# OMG The Joker O__O



## the dogman (Jul 8, 2007)

ok folks heres my joker costume 
yeah my hair isnt green but i ran out of time and never got the stuff to do it.....
anyhow, i had fun handing out candy at the mall and parading around like a nut.
wore the make up and outfit from 10am - 11:30pm 

but enough of that you want pictures i know 
















more can be found in my album  - Halloween Forum - the dogman's Album: My Joker Costume


----------



## MrsMyers666 (Oct 19, 2004)

Awesome pics! Looks great!


----------



## MHooch (Jun 15, 2007)

Oh, dogman, how satisfying it is to see your costume in all it's glory after seeing the pieces come together. 

YOU ROCK!!!

Congratulations on a job well done.
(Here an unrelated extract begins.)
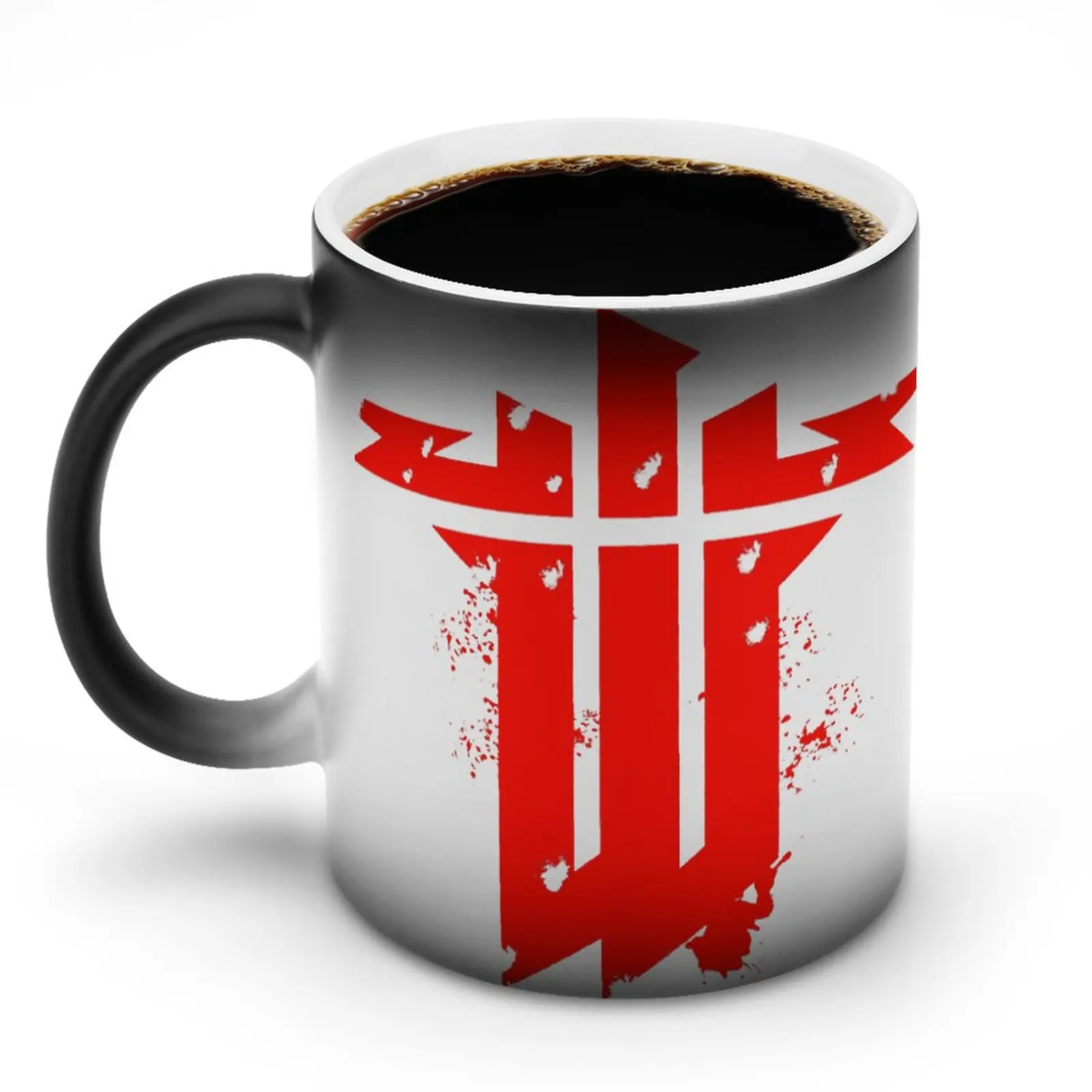 Wolfenstein Tazza Da Uomo Wolfenstein Il Nuovo Ordine All'Ingrosso Tazza Retrò Da Viaggio In Ceramica Che Cambia Colore Tazze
Excellent work!!


----------



## the dogman (Jul 8, 2007)

*Thanks Guys*

i have a couple more pics 

Batman taking candy from the Joker?:









and a sly attempt to coax superman to EVIL:


----------



## The Real Joker (Sep 8, 2008)

Truly epic. 
I'll have pics up soon...as I get them developed!!
Good job!!


----------



## the dogman (Jul 8, 2007)

*Midnight Release*

Hey guys, i pre ordered The Dark Knight (yes i accept it; i'm a geek ) and i have been thinking about going to the midnight release on Dec. 8. 
I have no idea when i'll be able to show up, how long i'll be there or what sort of people will be there, but i do know from when i pre ordered that at least 100 people should show up.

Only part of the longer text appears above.